- Task description: From top to bottom, write out the listing exactly and skip every picture.

#### Source data

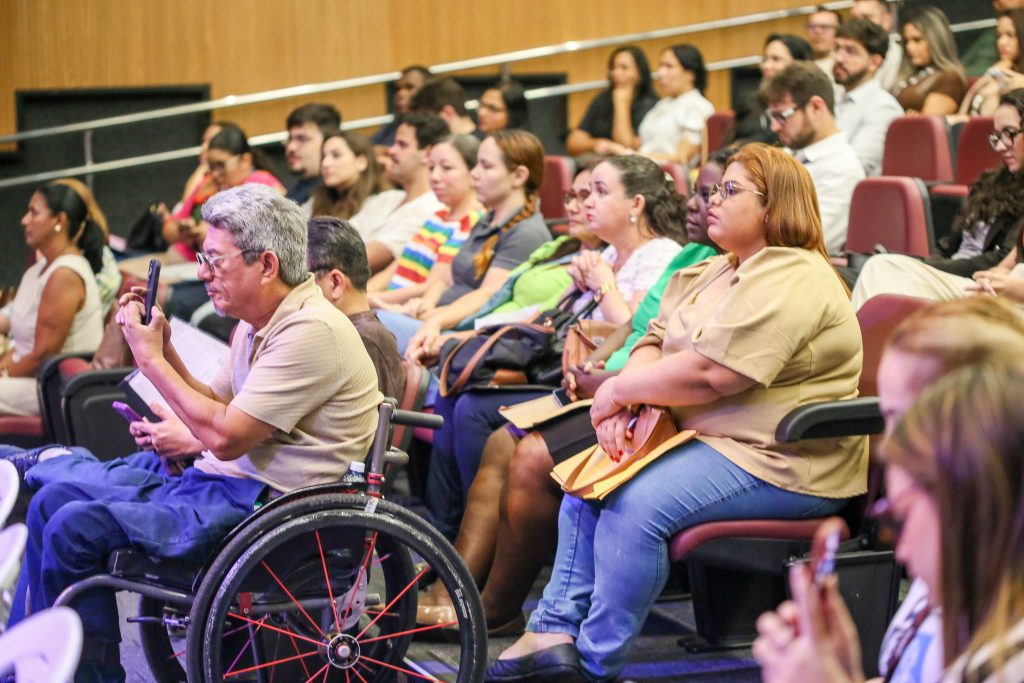 Prefeitura de João Pessoa abre inscrições para linha de crédito de até R$ 20 mil para pessoas com deficiência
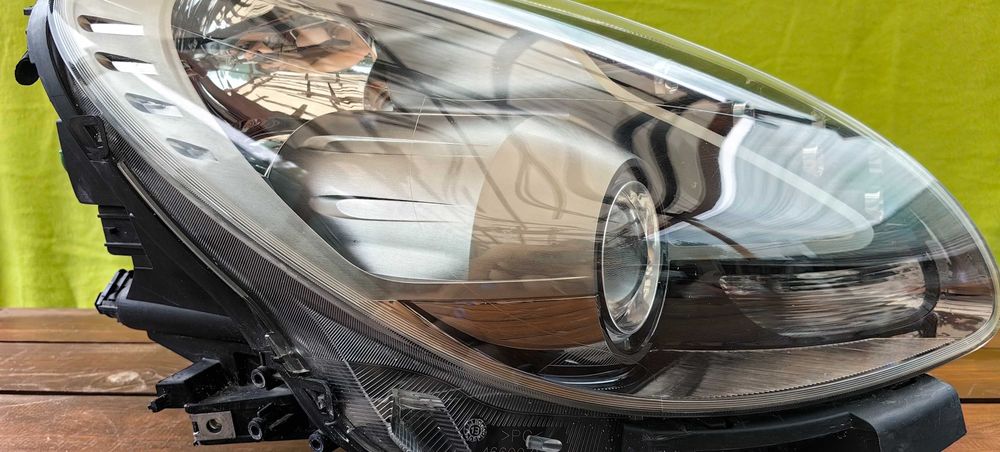 Фар за Alfa Romeo Gulietta / Алфа Ромео Жулиета
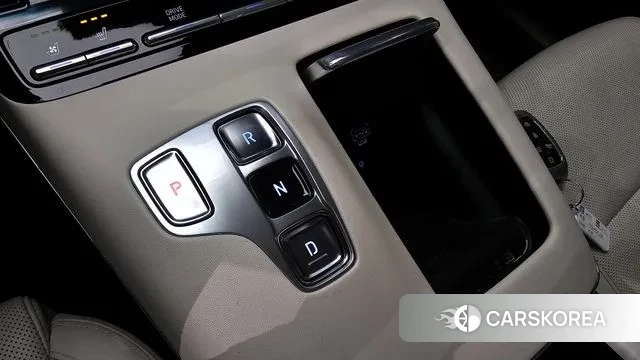 Hyundai The New Grandeur IG id 3561759 из Кореи 19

########

- Answer to this task:
 Prefeitura de João Pessoa abre inscrições para linha de crédito de até R$ 20 mil para pessoas com deficiência
 Фар за Alfa Romeo Gulietta / Алфа Ромео Жулиета
 Hyundai The New Grandeur IG id 3561759 из Кореи 19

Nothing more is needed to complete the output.